Sayangnya, tidak semua orang memaknai kemerdekaan sebagai panggilan untuk ikut berperan dalam demokrasi. Bahwa semngat 17 agustus harusnya dapat kita ambil  semngatnya 

            Sayangnya, tak semua orang menganggap hak pilih sebagai hal yang penting. Golput atau tidak menggunakan hak pilih masih menjadi fenomena yang cukup mencemaskan. Entah karena kecewa, apatis, atau merasa tidak ada calon yang layak, sebagian dari kita memilih untuk tidak memilih.

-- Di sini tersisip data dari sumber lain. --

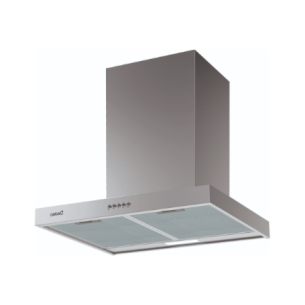 Cata Hood S PLUS 6010 X Width 60cm, Max 637 m³/h, LED, Inox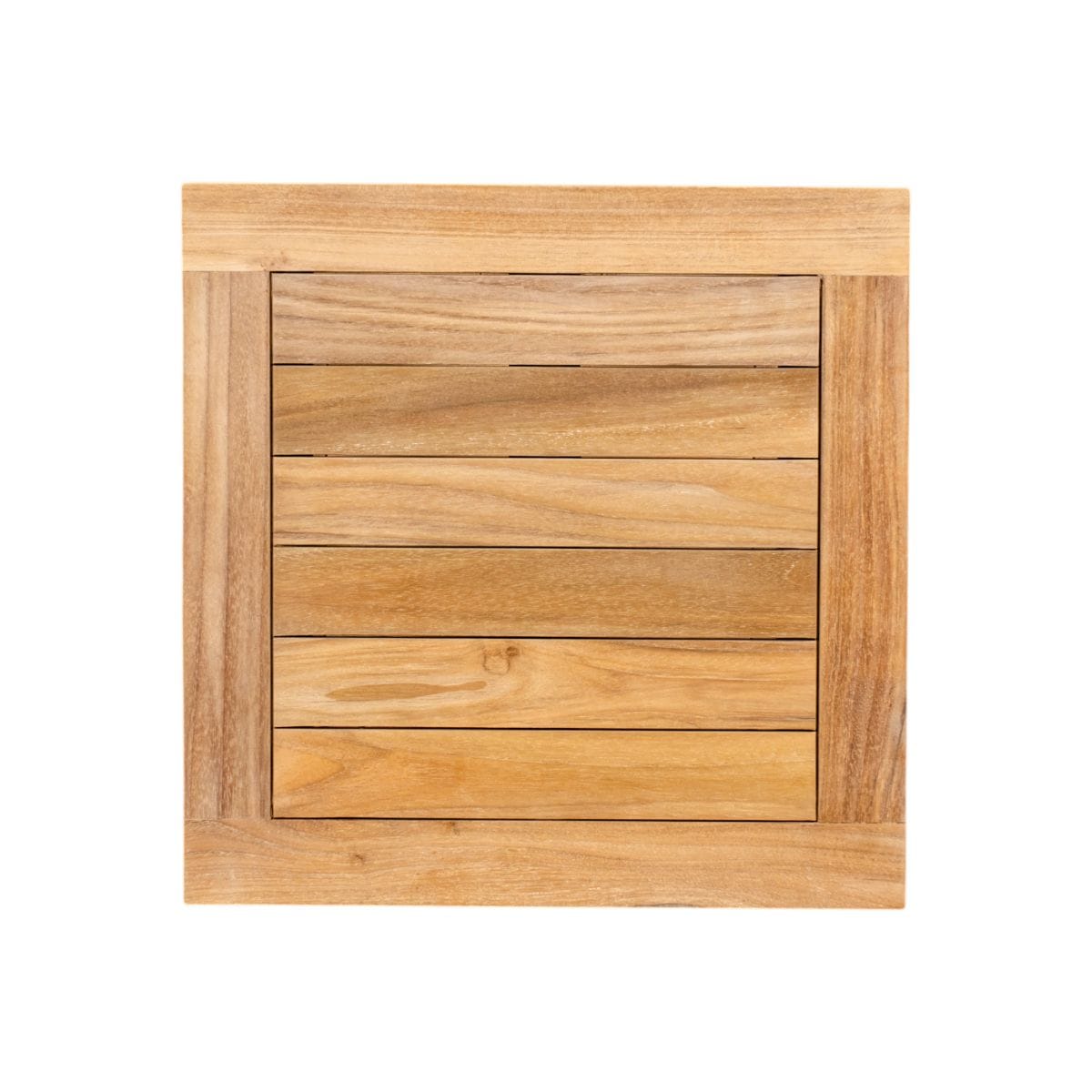 East Green Grade-A Teak Side Table
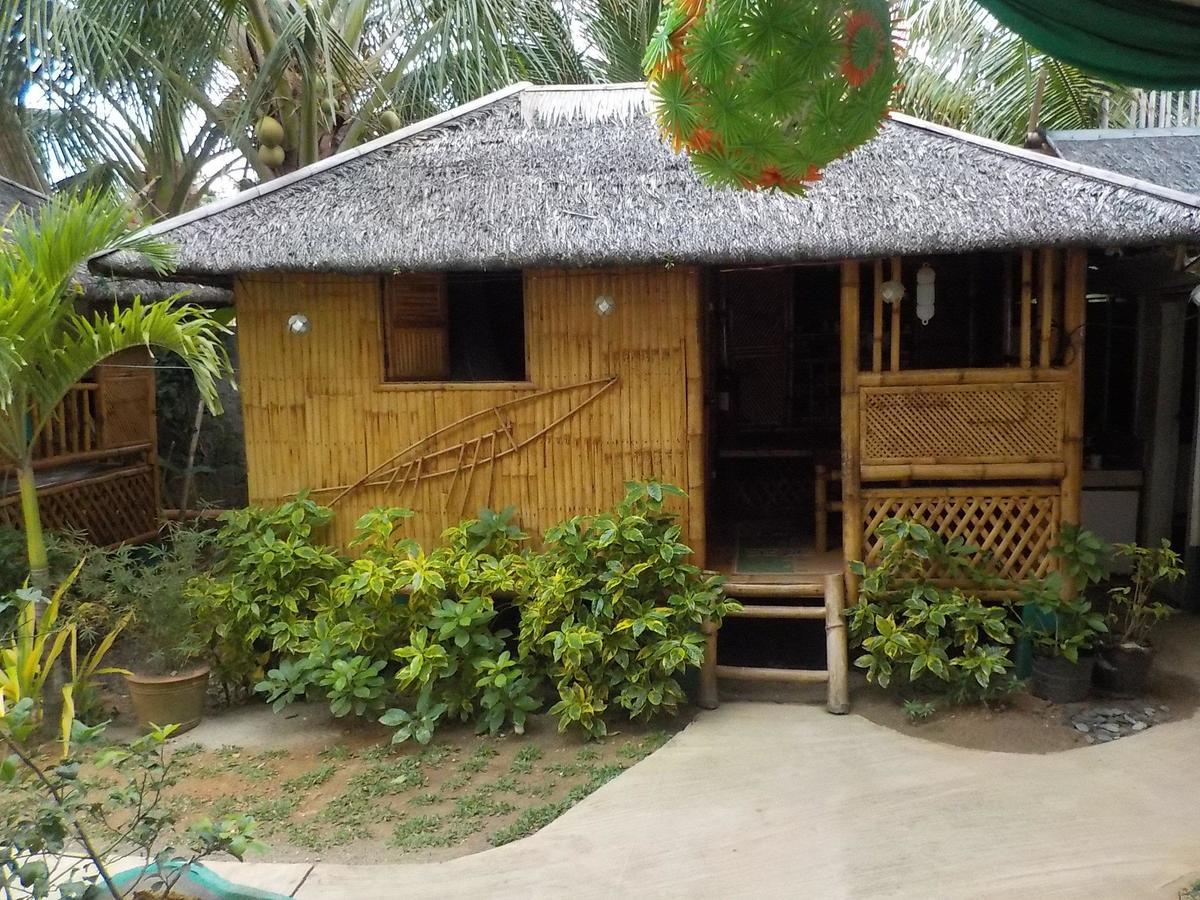 Hangout Beach Resort Caticlan Exterior foto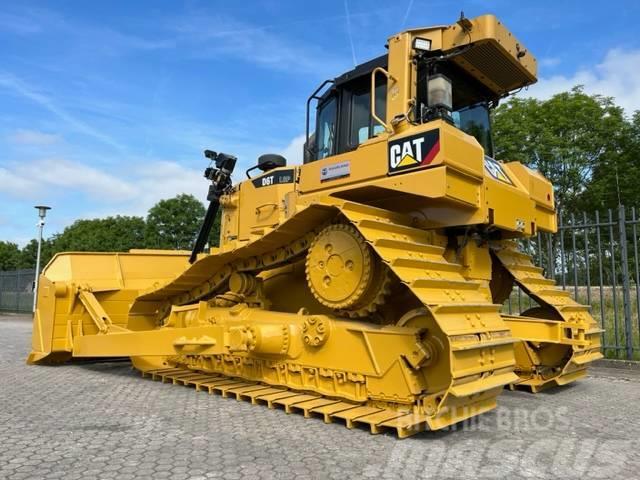 CAT D6T LGP 2013 factory EPA and CE made in France Pásové dozery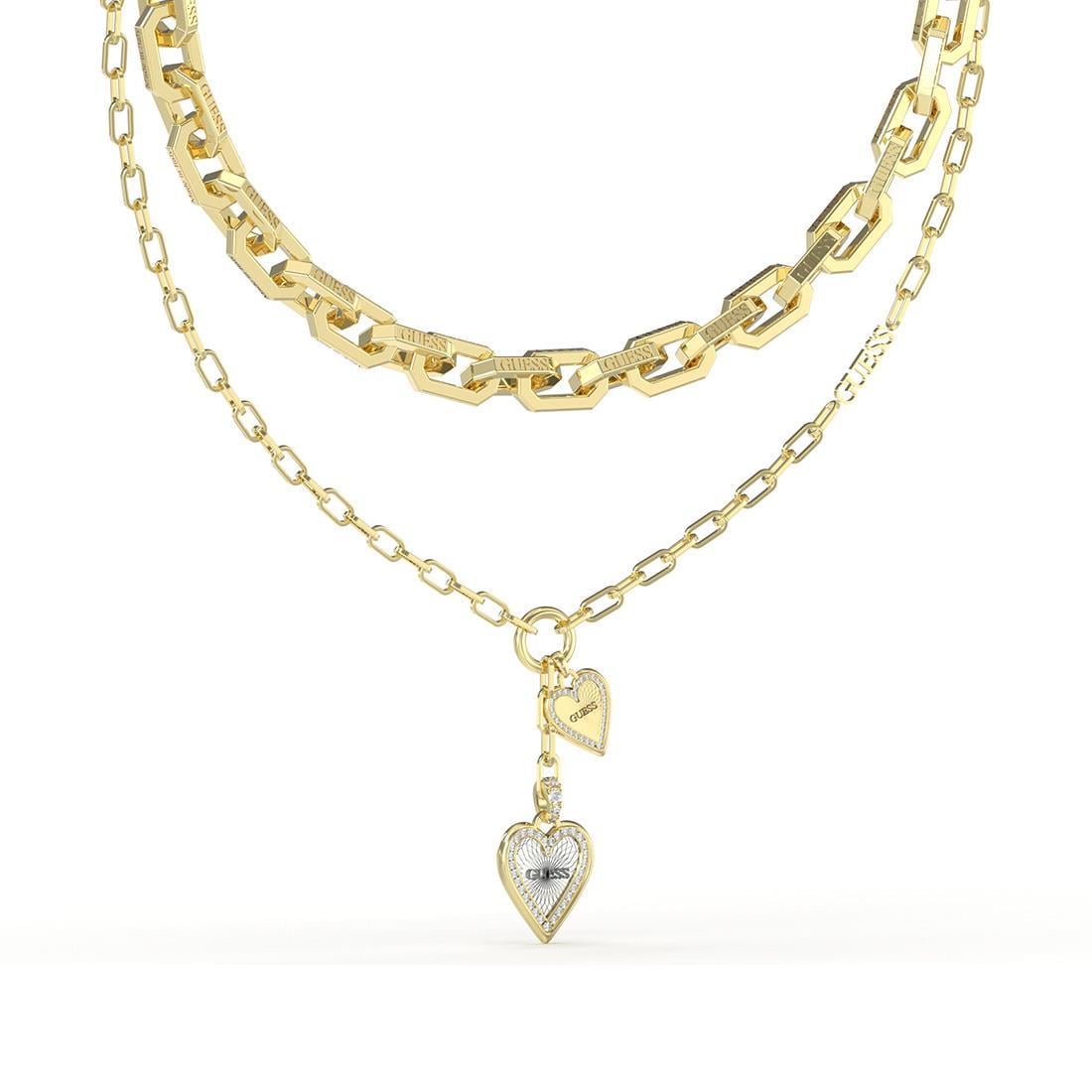 Guess JGUJUBN03407JWYGRHTU  Kadın Kolye
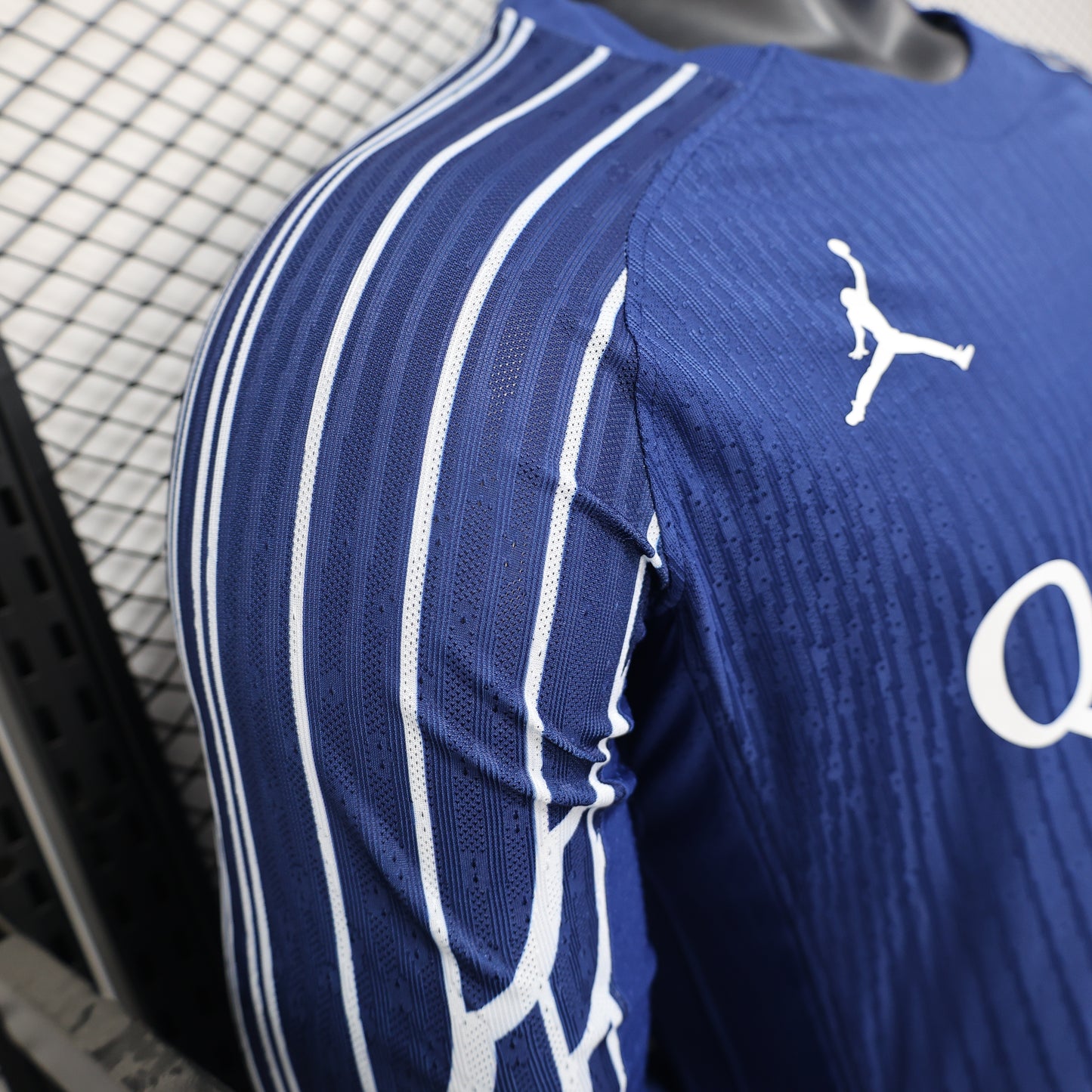 2024-2025 PSG Away Kit Long Sleeve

Padahal, setiap suara yang tidak digunakan adalah celah yang bisa dimanfaatkan oleh mereka yang tak sungguh-sungguh ingin membawa perubahan. Hal ini di amin kan oleh Sahbana dalam jurnalnya yang menjelaskan “Meningkatnya keterlibatan masyarakat dalam penyelenggaraan Pemilihan Umum (Pemilu), menunjukan semakin kuatnya tatanan demokrasi dalam sebuah negara. Demokrasi menghendaki adanya keterlibatan rakyat dalam setiap penyelenggaraan yang dilakukan negara.[2]

Perlu diingat, golput memang tidak melanggar hukum. Tapi, diam bukan berarti netral. Kadang, diam justru memberi ruang bagi kekuatan yang tak sehat untuk mengambil alih kendali. Dikutip dari buku Indeks Partisipasi Pemilu, Data pada Pemilihan Umum Presiden dan Wakil Presiden Tahun 2024. Bahwa diketahui tingkat partisipasi pemilih secara nasional menunjukkan partisipasi Pemilu Presiden dan Wakil Presiden sebanyak 81,48%, partisipasi Pemilu DPR RI sebanyak 81,14%, dan partisipasi Pemilu DPD RI sebanyak 81,50% Jumlah itu lebih rendah dari partisipasi Pemilu Presiden/Wakil Presiden 2019 yang diikuti 81,97 persen pemilih. Namun di daerah-daerah, capaian ini tidak selalu seragam. Di Kalimantan Tengah, misalnya, partisipasi pemilih hanya mencapai 78.61%, angka yang menunjukkan di bawah rata-rata nasional. Fakta ini menunjukkan bahwa masih ada ruang besar bagi peningkatan partisipasi politik, terutama di daerah. masih banyak ruang kosong yang belum terisi oleh suara rakyat.[3]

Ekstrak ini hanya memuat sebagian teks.